Start of STORED DATA

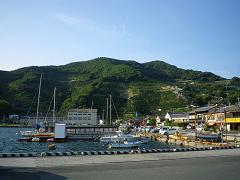 b0207536_1195562.jpg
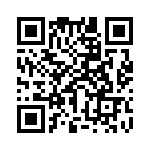 97-121-424R QRCode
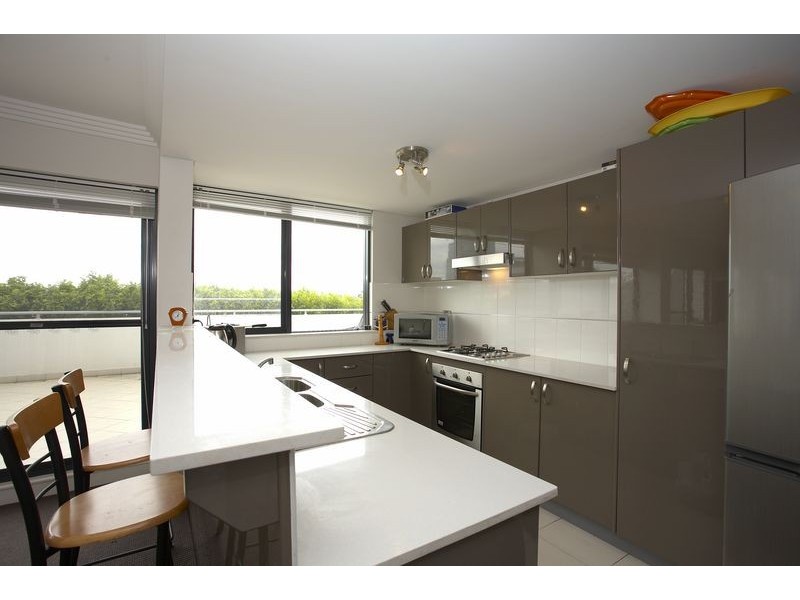 705/31-37 Hassall Street, Parramatta NSW 2150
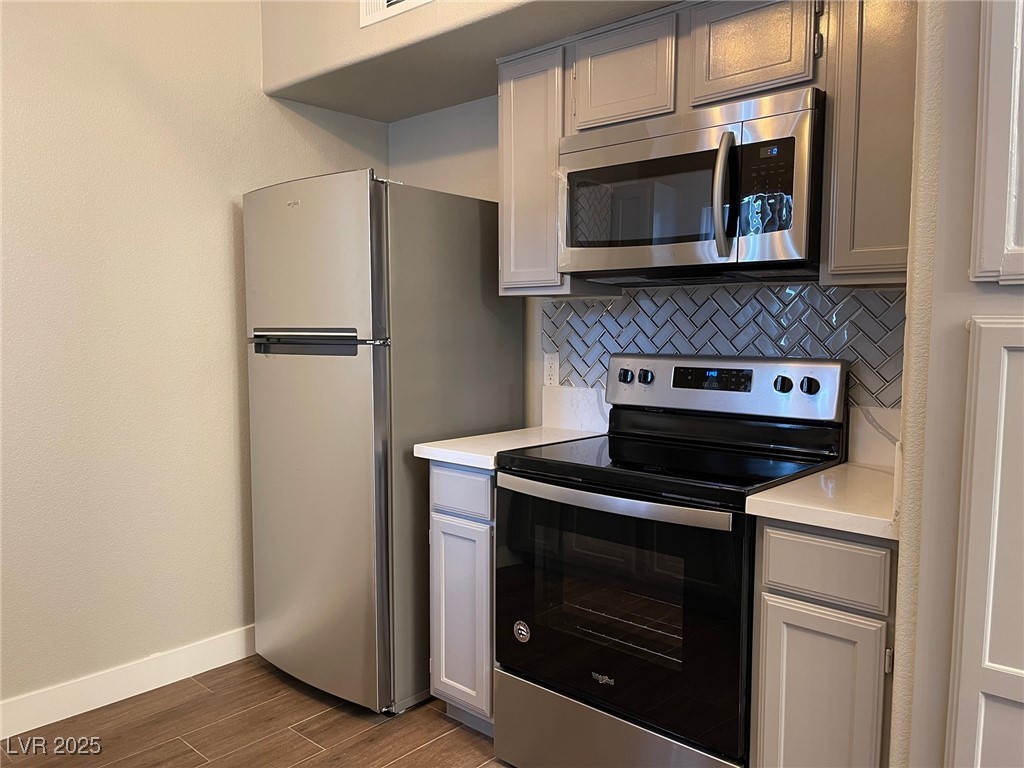 45 Maleena Mesa Street 217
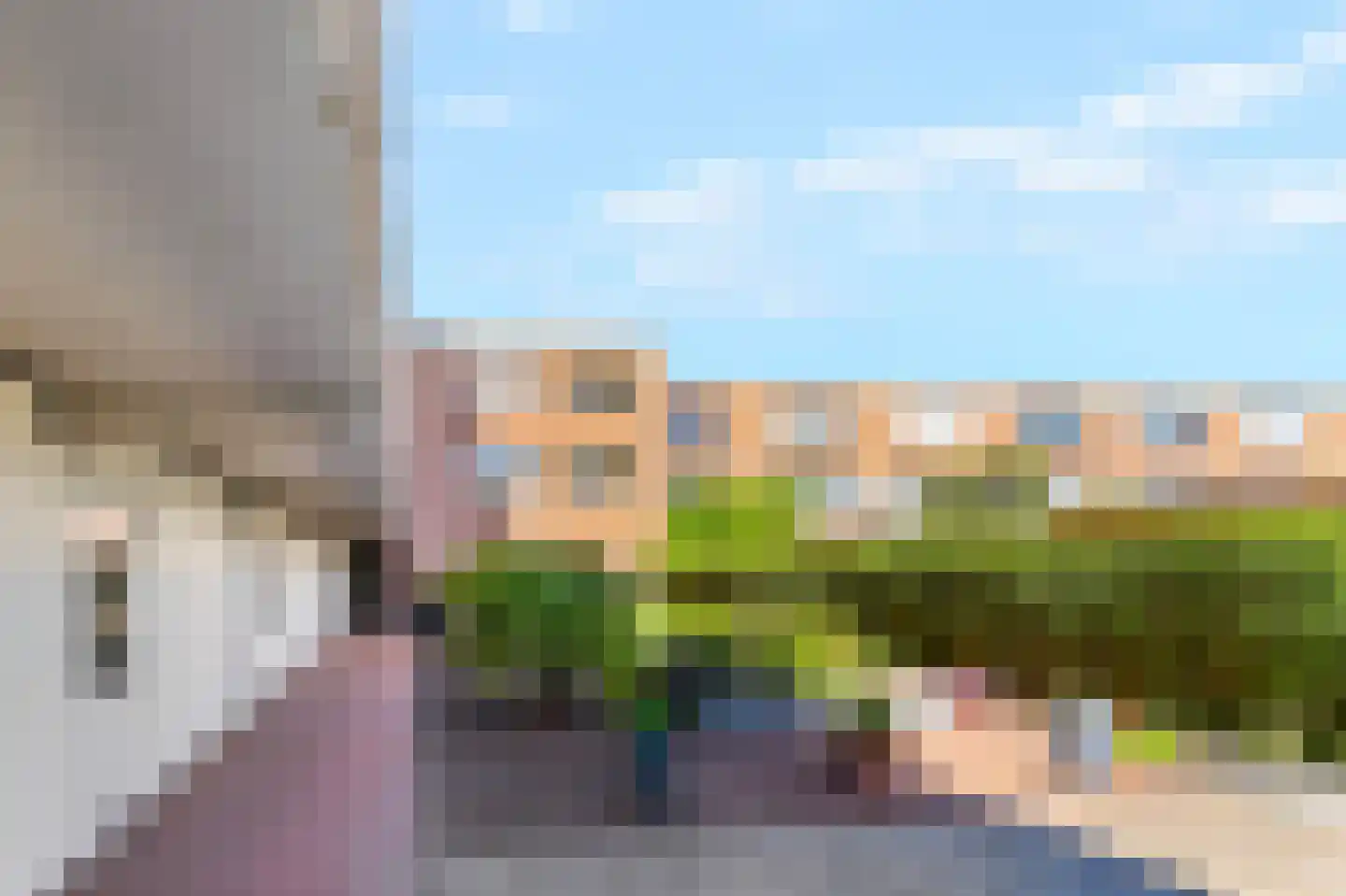 Nieuwlandstraat 126 Zoetermeer thumbnail 34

End of STORED DATA

WHAT TO DO: Please retype only the lines from the line that holds "45 Maleena Mesa Street 217" through the end of the records, exactly as they stand, and drop every picture.

RESPONSE:
 45 Maleena Mesa Street 217
 Nieuwlandstraat 126 Zoetermeer thumbnail 34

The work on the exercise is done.